Na Ucrânia é de liberdade que se revestem os sonhos. A liberdade de escolherem, legitimamente, os destinos das suas vidas, da sua sociedade, da sua democracia e do seu Estado. A liberdade de defenderem o seu território contra a invasão bárbara russa.
Como referi a propósito do segundo ano da Invasão da Ucrânia, falhámos enquanto comunidade internacional e enquanto União Europeia. Criámos expetativas e ilusões aos ucranianos, prometemos sem termos as garantias de conseguir cumprir. Enquanto a NATO não assumir um compromisso no terreno, no respeito pela legitima defesa da soberania da Ucrânia e autodeterminação do povo ucraniano, a Rússia levará de vencido este vil ataque a uma nação livre e à democracia europeia.

É no ponto da autodeterminação que encurtamos os mais de 2.100 quilómetros que separam a Ucrânia da Palestina, porque o contexto assemelha as duas realidades.

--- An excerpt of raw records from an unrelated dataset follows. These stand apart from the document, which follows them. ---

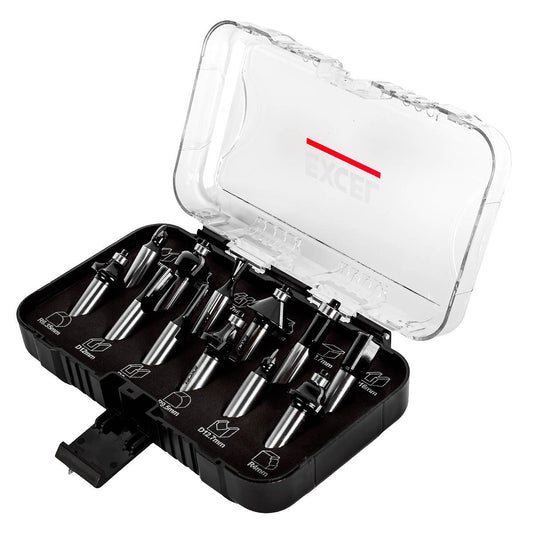 Excel 1/2in Shank TCT Router Cutter Bit 12 Piece Set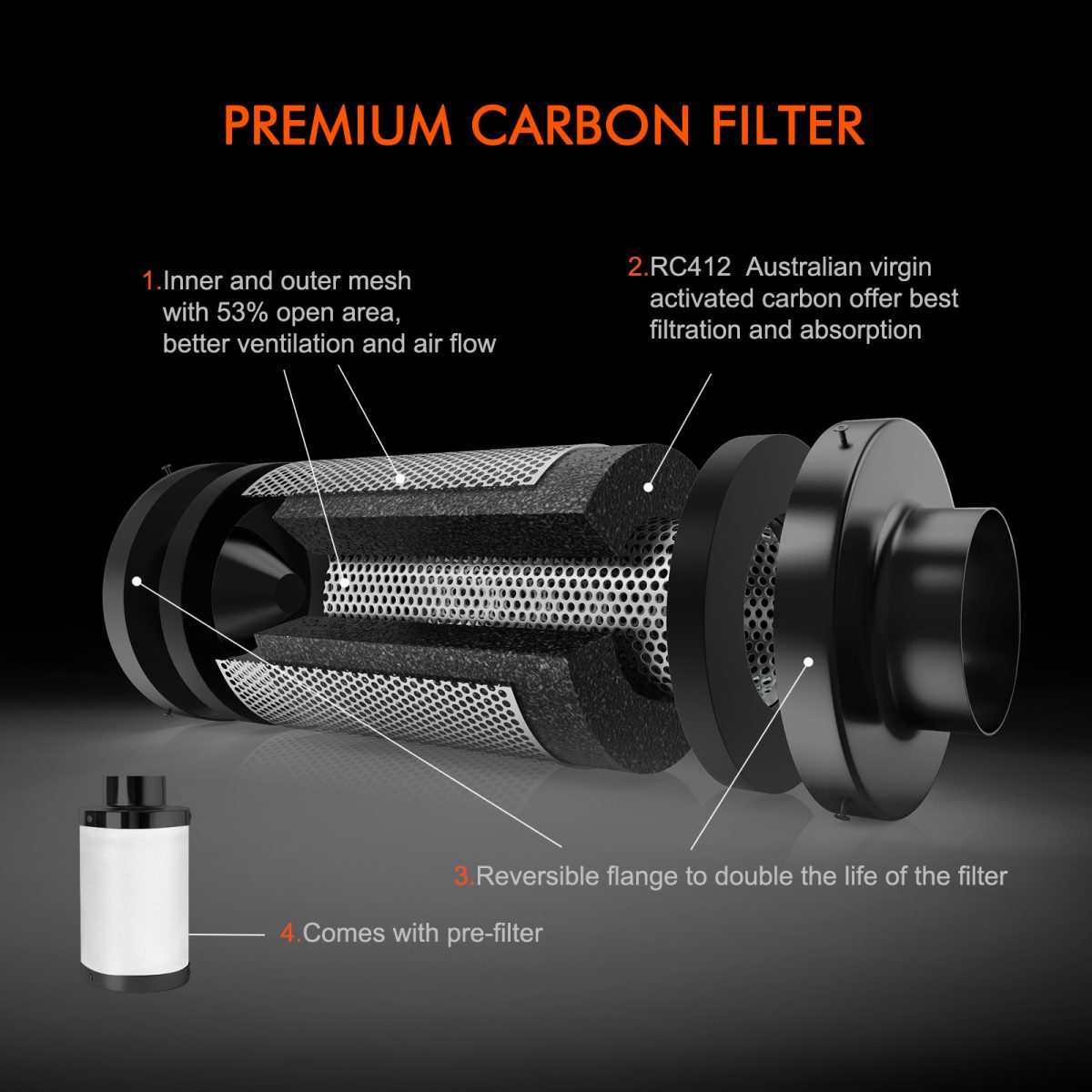 4 inch carbon filter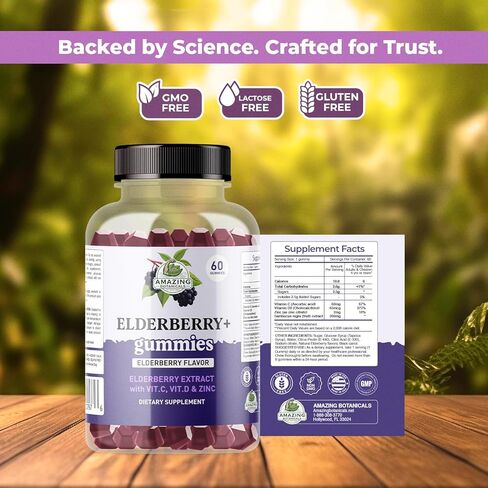 Elderberry+ Gummies – Elderberry Extract with Vitamin C, Vitamin D3 & Zinc – Sambucus Elderberry Immune Support – 60 Gummies – Vegan, Non-GMO, Gluten-Free – Elderberry Flavor Dietary Supplement in Saudi Arabia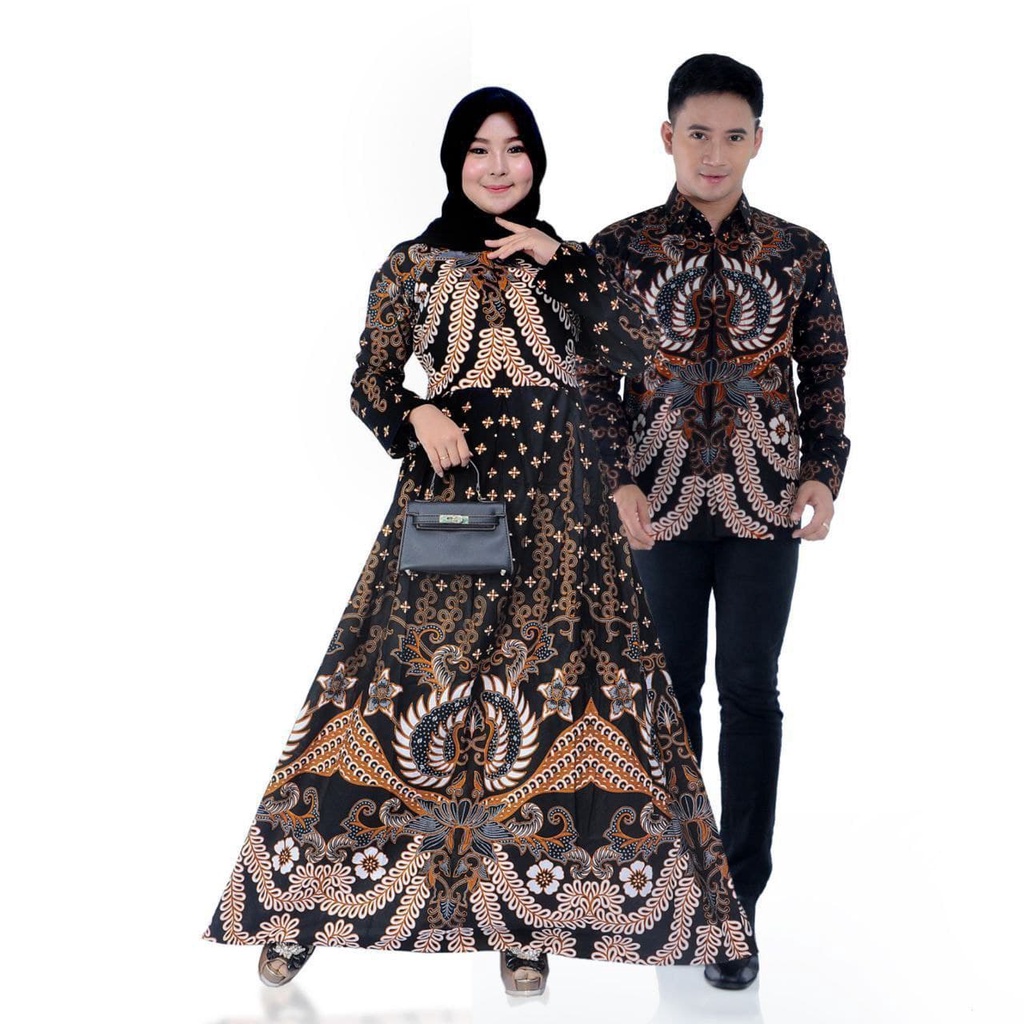 Batik Couple Keluarga, Baju Kondangan Sania Ruffle Ori Ndoro Jowi Dnt Motif Gurita kw putih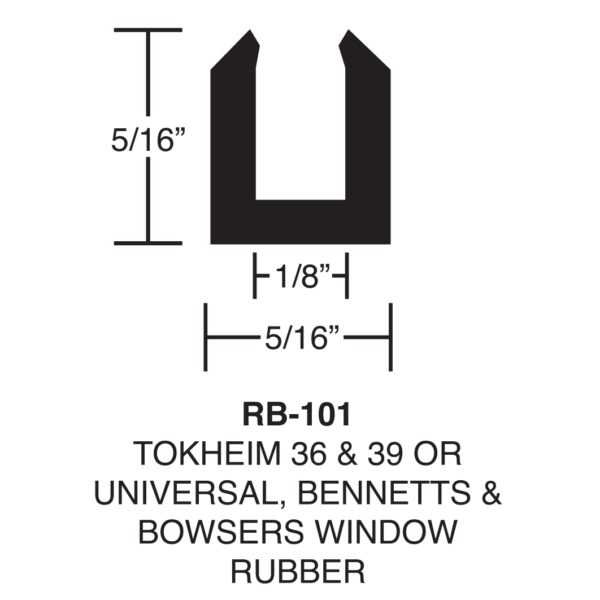 Bowser 575 & 585 Door Glass with Rubber - Image 2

O ataque das forças do Hamas em território israelita e a barbárie dos crimes cometidos no dia 7 de outubro de 2023 são inaceitáveis, deploráveis e condenáveis, a todos os níveis. A legitimidade de uma resposta por parte de Israel era expectável e justificável. Uma resposta que se esperava proporcional, cirúrgica e nos limites do Direito Internacional. Mas nada disso aconteceu ao longo destes quase 8 meses de guerra na Faixa de Gaza. O conflito degenerou num extermínio inaceitável de palestinianos, numa crise humanitária sem precedentes, em atentados aos mais elementares direitos humanos fundamentais, numa instabilidade geopolítica regional preocupante. O argumento da eliminação total do Hamas nunca colheu solidez desde o seu início por se saber impossível de concretizar. As dificuldades e a recusa de libertação dos reféns, por parte do Hamas, parece, aparentemente, servir os propósitos de Netanyahu na continuidade do conflito para satisfação da ortodoxia radical judaica.
Criticar a ação de Israel na Faixa de Gaza ou achar legítimo o reconhecimento da Palestina como Estado, como uma solução possível para o conflito (preservando a memória política de Rabin, Arafat e Shimon Peres, há cerca de 30 anos, e a paz quase conquistada em 2006) não significa ser-se antissionista. Significa apenas o apelo e o desejo de Paz e do fim do massacre de um povo.
O conflito Israelo-palestiniano não começou no ataque terrorista de 2023. Resulta de um longo e atribulado percurso que vem, pelo menos, desde a colonização britânica (1920) e da independência de Israel (1948). Ao longo deste caminho, árabes e judeus têm as suas porções de responsabilidade na instabilidade e na insegurança e nos sucessivos fracassos negociais para um acordo final cuja solução parece passar apenas pelo reconhecimento da Palestina enquanto Estado soberano, por parte de Israel e da comunidade internacional, onde se incluem a União Europeia e Portugal. Todo o resto é o extremar de duas posições antagónicas, enviesadas nos seus argumentos e (pre)conceitos, quando o mundo e a realidade em concreto não têm que ser vistos a preto e branco.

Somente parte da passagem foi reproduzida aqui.